= Problem statement =
Your reply must hold the lines from the one containing "Ariston Sterownik systemowy" to the end of the entries, copied exactly, with pictures excluded.

(Short text fragments from websites)

Segment Open

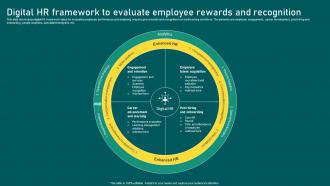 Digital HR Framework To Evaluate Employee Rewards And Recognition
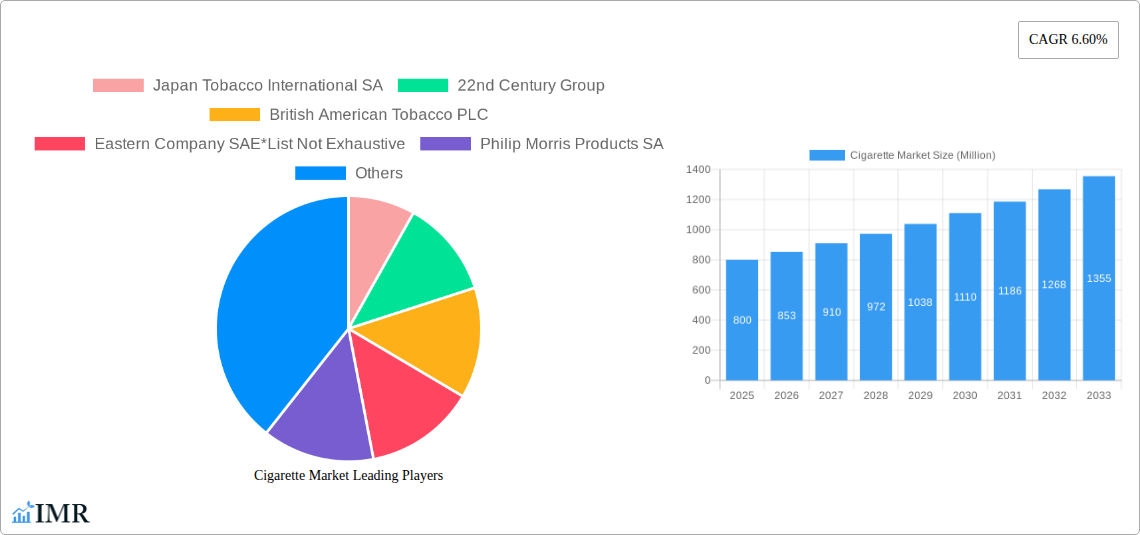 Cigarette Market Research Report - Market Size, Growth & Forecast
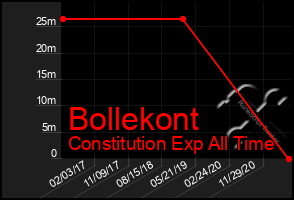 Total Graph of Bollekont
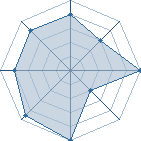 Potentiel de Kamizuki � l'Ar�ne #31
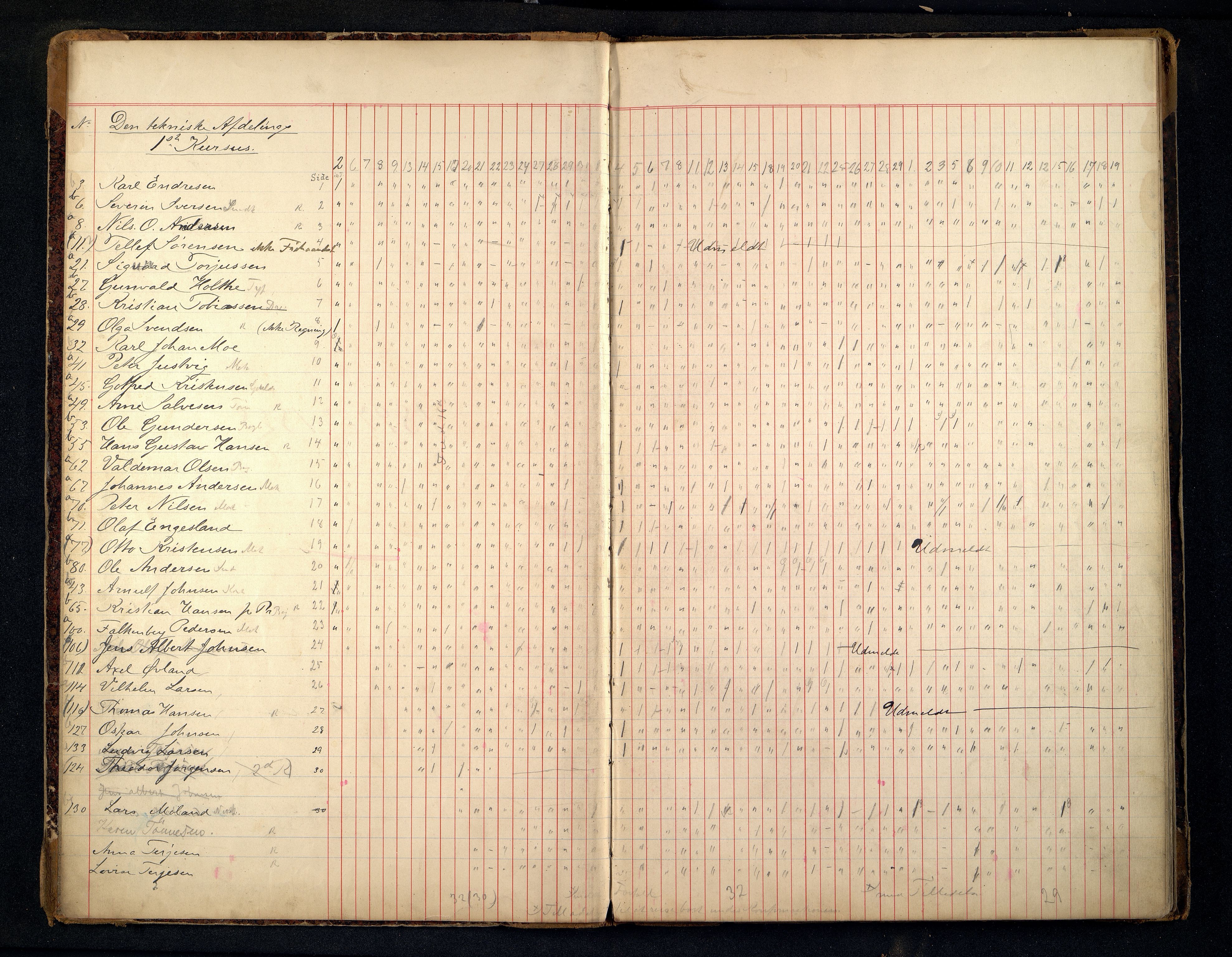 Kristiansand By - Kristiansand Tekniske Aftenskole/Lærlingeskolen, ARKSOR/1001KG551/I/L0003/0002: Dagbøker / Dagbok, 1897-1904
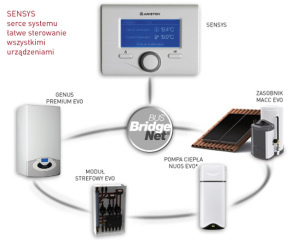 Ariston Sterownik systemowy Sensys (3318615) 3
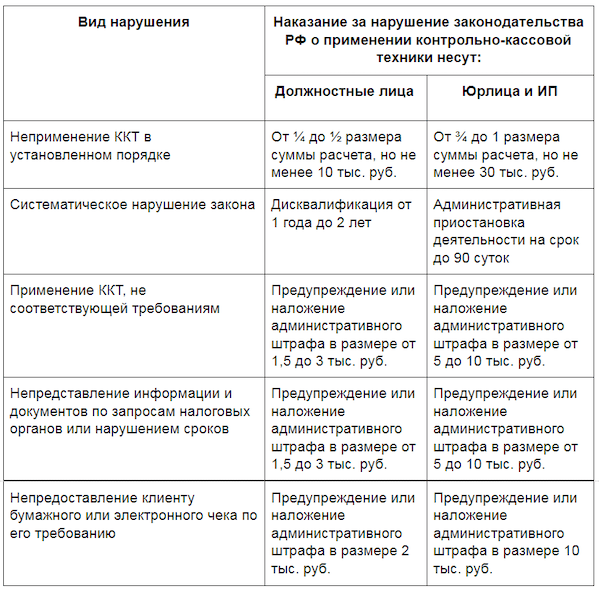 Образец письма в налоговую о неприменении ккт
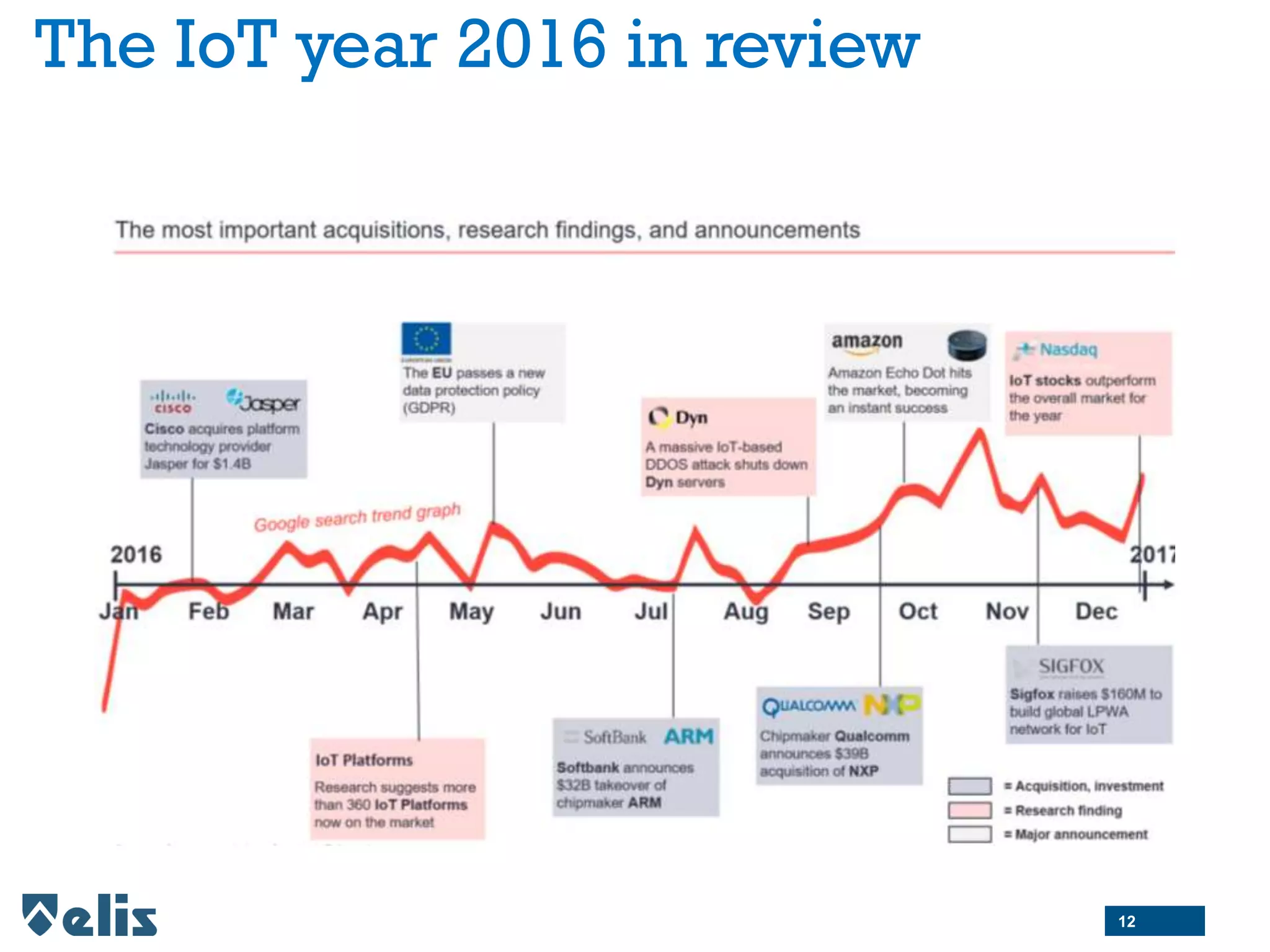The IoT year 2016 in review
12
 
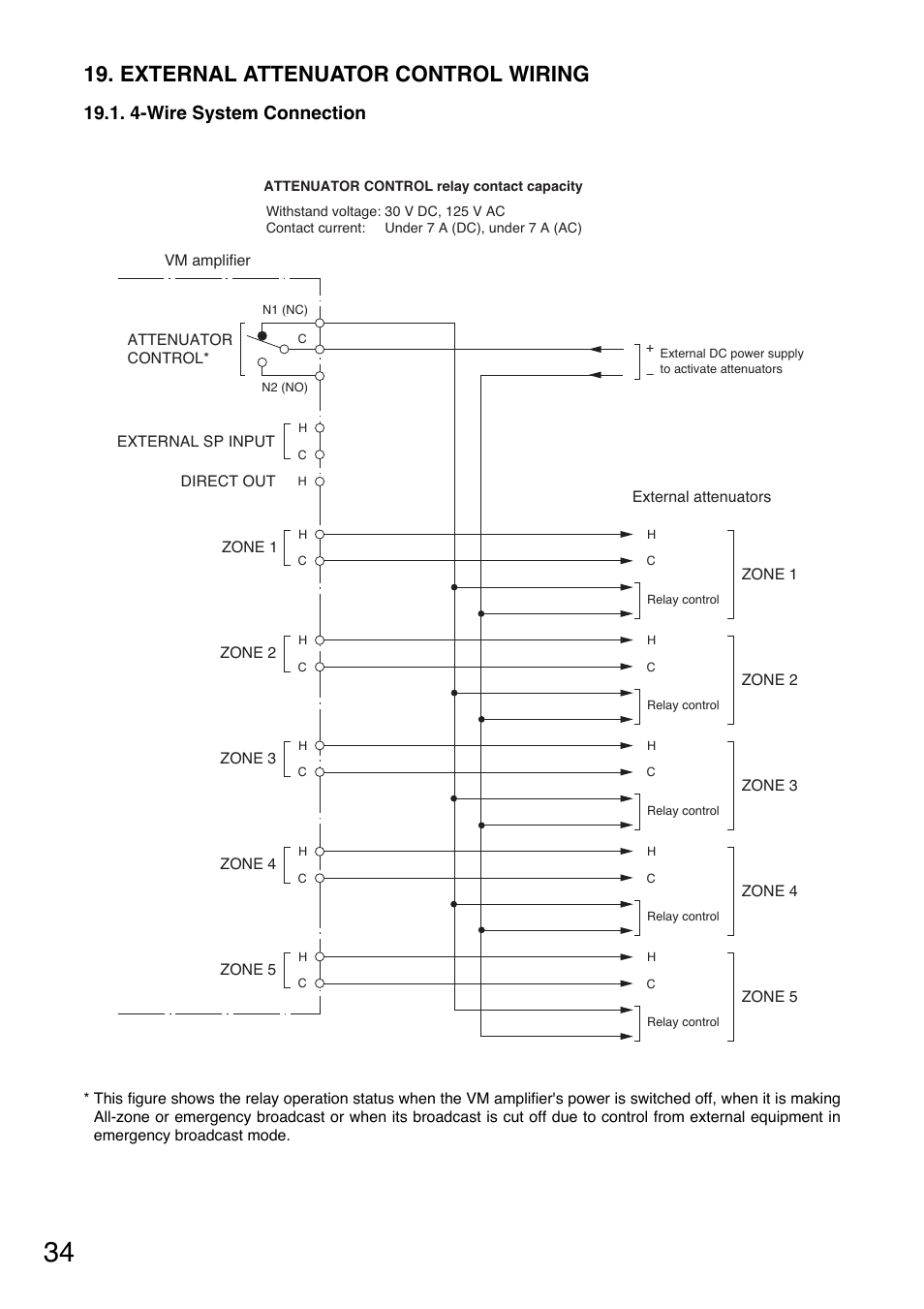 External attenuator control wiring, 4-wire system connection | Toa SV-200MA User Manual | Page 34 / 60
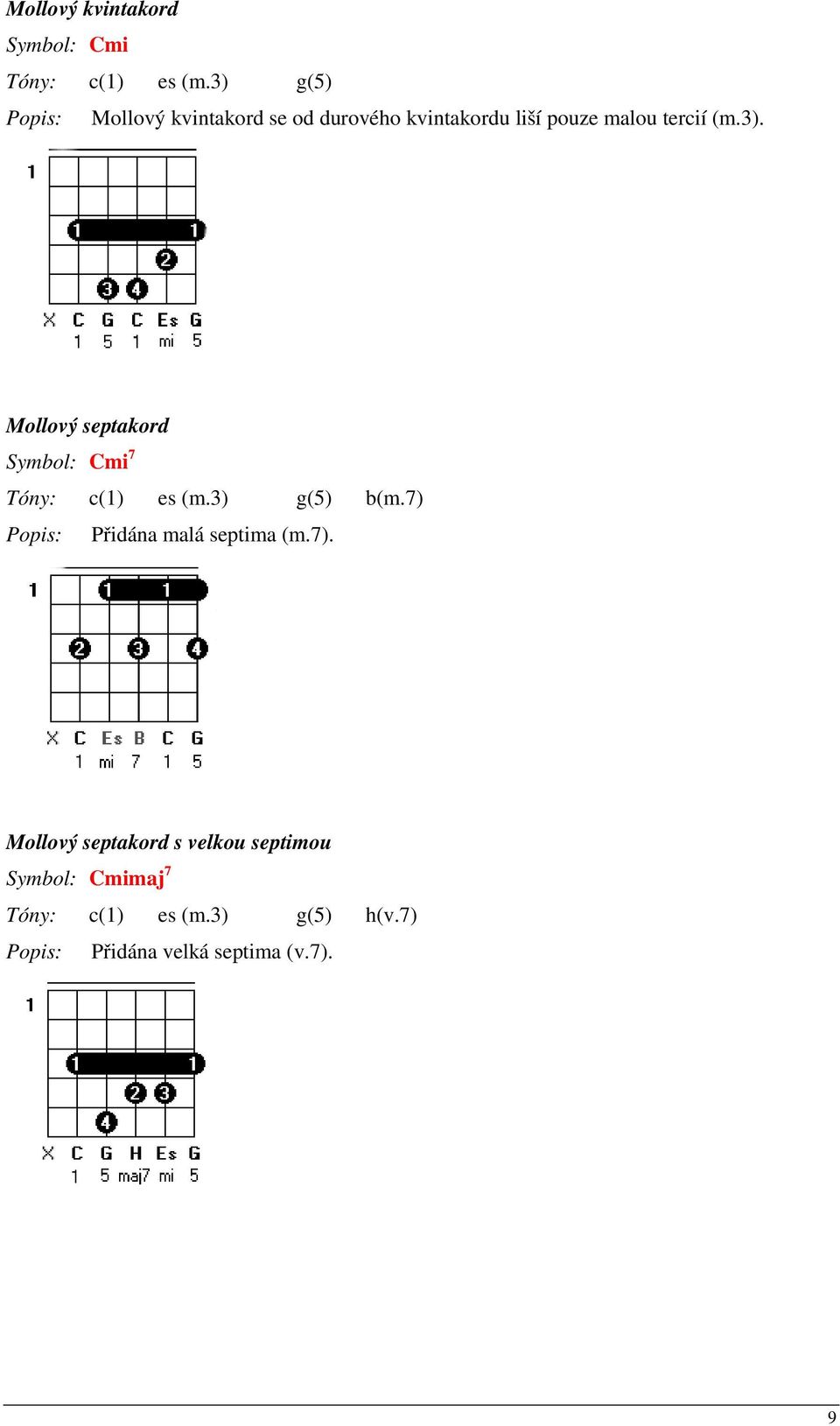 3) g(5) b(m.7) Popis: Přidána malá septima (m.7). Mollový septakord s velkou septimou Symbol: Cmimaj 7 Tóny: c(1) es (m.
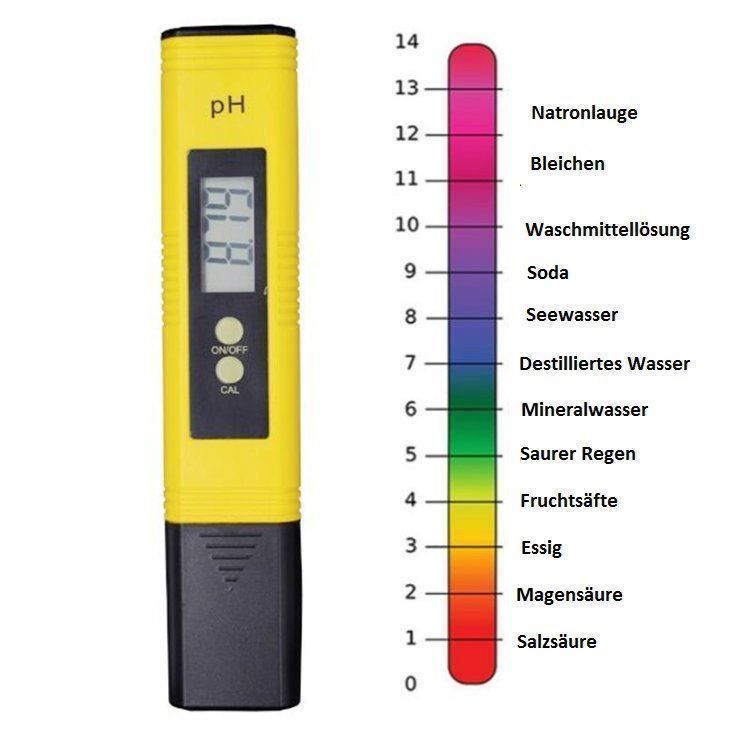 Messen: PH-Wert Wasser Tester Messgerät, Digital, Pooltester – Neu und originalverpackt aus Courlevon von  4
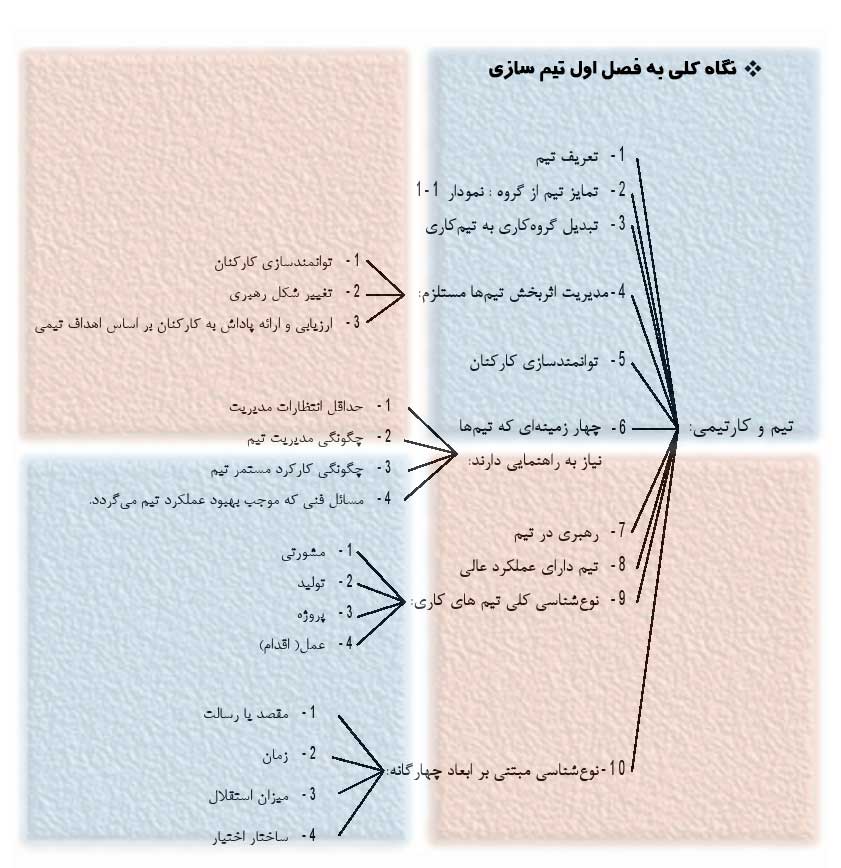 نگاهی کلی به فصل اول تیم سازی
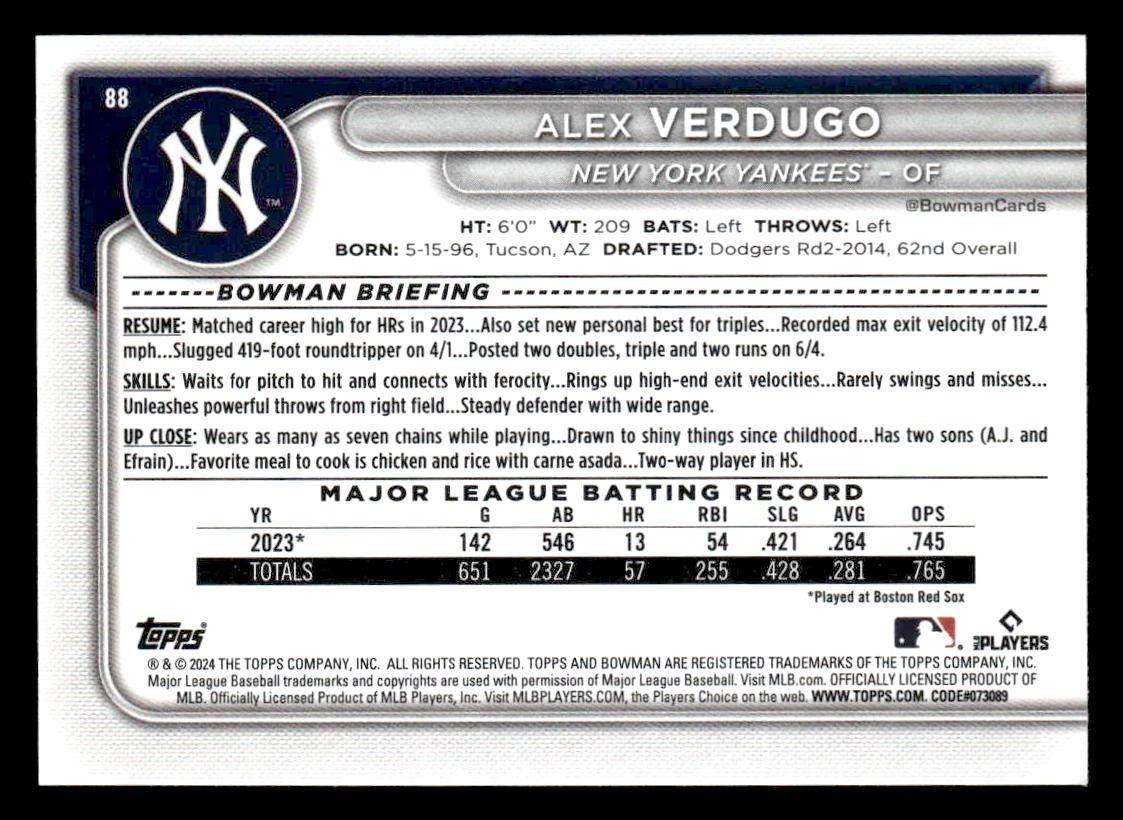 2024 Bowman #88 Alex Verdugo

Segment Closed

= Answer to the problem =
 Ariston Sterownik systemowy Sensys (3318615) 3
 Образец письма в налоговую о неприменении ккт
The IoT year 2016 in review
12
 
 External attenuator control wiring, 4-wire system connection | Toa SV-200MA User Manual | Page 34 / 60
 3) g(5) b(m.7) Popis: Přidána malá septima (m.7). Mollový septakord s velkou septimou Symbol: Cmimaj 7 Tóny: c(1) es (m.
 Messen: PH-Wert Wasser Tester Messgerät, Digital, Pooltester – Neu und originalverpackt aus Courlevon von  4
 نگاهی کلی به فصل اول تیم سازی
 2024 Bowman #88 Alex Verdugo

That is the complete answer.